Work order ::
Go through the records, and copy each line in which the string "Image" is present.
•••••
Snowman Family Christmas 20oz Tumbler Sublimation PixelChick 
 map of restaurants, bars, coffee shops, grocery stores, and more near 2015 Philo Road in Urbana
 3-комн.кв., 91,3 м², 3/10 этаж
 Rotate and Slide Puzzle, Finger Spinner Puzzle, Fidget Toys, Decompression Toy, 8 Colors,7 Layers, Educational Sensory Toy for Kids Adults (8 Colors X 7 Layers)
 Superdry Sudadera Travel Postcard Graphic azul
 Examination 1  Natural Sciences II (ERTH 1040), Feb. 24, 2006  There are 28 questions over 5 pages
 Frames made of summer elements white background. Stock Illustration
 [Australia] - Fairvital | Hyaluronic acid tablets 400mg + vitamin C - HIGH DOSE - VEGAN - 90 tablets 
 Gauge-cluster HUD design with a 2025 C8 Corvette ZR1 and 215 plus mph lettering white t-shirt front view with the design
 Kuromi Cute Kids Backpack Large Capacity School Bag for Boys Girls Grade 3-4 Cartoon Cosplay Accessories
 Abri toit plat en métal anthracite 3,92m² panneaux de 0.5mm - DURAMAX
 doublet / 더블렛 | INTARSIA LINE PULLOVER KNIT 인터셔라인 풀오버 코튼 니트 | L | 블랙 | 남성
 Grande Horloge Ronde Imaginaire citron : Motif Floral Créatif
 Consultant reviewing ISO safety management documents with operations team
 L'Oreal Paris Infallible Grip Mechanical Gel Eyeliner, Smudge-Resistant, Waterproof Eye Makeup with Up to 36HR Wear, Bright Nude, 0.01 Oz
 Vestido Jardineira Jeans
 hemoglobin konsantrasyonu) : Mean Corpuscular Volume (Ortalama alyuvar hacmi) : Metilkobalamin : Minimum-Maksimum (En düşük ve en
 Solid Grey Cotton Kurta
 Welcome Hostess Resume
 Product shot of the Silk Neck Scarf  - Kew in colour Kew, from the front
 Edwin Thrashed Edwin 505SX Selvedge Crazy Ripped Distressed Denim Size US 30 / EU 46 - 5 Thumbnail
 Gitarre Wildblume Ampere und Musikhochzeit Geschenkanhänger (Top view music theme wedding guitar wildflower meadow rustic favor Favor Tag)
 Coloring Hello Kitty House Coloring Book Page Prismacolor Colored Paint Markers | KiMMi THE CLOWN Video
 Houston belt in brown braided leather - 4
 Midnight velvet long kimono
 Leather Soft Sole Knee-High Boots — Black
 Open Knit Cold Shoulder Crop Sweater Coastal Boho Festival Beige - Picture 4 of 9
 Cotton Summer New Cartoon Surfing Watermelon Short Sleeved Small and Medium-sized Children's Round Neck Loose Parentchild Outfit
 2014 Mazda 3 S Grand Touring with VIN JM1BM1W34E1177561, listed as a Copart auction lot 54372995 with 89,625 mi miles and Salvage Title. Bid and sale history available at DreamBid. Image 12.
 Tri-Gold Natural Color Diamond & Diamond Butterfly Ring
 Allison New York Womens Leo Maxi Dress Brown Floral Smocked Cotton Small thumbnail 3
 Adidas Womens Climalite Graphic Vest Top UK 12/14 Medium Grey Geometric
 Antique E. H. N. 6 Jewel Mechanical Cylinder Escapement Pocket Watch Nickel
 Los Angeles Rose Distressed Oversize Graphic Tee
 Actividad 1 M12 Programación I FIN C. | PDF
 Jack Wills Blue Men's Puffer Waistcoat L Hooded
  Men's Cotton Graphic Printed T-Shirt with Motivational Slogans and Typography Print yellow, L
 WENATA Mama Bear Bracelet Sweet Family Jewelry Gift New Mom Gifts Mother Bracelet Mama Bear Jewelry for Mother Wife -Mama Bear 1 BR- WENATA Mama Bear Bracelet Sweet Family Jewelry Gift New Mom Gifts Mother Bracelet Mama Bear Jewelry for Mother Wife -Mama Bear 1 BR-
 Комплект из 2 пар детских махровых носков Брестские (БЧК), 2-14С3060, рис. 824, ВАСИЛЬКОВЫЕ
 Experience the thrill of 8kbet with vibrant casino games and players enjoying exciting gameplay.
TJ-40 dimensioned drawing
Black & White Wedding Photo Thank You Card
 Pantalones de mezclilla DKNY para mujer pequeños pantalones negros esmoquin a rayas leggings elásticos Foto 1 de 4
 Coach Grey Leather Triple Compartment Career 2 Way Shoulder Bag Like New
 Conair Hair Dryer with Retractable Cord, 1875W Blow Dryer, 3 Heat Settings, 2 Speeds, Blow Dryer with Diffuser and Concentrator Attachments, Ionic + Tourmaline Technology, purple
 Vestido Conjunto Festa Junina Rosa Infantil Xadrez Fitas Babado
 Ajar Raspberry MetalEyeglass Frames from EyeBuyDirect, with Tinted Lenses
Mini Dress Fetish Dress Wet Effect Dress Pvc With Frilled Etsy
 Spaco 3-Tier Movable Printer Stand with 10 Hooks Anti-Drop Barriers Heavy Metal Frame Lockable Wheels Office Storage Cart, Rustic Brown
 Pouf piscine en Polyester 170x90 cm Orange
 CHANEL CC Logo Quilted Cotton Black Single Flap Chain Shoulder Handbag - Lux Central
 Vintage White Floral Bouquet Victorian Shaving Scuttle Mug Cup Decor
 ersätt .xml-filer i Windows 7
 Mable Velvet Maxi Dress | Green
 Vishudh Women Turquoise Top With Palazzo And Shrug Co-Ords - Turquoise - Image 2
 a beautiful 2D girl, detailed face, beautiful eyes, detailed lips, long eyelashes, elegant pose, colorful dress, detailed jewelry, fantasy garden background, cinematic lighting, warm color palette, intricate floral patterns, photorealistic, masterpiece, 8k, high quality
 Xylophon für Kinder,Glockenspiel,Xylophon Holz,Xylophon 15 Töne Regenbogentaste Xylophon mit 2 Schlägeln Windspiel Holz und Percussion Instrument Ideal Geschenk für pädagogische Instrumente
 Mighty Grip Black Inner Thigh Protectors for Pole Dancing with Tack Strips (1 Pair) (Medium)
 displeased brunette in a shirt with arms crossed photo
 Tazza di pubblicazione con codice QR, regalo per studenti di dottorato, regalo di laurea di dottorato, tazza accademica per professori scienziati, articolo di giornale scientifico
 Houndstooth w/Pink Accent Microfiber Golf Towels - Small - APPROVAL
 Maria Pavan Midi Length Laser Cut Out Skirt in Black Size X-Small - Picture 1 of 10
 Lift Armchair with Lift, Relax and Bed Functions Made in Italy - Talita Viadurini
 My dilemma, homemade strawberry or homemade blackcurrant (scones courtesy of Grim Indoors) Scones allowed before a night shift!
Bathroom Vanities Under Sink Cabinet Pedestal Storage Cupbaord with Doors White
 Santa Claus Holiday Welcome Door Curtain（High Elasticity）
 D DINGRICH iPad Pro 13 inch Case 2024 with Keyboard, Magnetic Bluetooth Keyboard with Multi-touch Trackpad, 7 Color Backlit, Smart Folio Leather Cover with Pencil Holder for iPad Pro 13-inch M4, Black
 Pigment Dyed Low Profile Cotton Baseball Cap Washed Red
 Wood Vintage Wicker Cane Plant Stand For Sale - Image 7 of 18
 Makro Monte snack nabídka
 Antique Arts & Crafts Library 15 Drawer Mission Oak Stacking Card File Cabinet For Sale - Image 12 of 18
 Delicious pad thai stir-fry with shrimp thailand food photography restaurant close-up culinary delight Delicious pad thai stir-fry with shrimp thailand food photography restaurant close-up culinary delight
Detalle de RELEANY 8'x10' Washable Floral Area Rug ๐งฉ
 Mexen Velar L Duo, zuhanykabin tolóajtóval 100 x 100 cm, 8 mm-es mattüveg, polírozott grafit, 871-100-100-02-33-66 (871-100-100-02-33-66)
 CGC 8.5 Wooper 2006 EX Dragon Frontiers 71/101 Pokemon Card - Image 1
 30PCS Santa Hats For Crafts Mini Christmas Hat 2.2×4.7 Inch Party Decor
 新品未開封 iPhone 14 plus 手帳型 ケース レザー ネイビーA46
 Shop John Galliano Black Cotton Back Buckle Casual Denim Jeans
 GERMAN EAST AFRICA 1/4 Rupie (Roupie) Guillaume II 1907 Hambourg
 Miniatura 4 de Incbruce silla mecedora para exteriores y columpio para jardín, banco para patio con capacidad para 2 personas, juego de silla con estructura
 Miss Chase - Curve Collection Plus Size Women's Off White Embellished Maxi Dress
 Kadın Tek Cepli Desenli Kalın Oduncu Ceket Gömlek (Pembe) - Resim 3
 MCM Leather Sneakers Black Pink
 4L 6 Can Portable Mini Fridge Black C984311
•••••
Exercise response ::
 2014 Mazda 3 S Grand Touring with VIN JM1BM1W34E1177561, listed as a Copart auction lot 54372995 with 89,625 mi miles and Salvage Title. Bid and sale history available at DreamBid. Image 12.
 Vishudh Women Turquoise Top With Palazzo And Shrug Co-Ords - Turquoise - Image 2
 Wood Vintage Wicker Cane Plant Stand For Sale - Image 7 of 18
 Antique Arts & Crafts Library 15 Drawer Mission Oak Stacking Card File Cabinet For Sale - Image 12 of 18
 CGC 8.5 Wooper 2006 EX Dragon Frontiers 71/101 Pokemon Card - Image 1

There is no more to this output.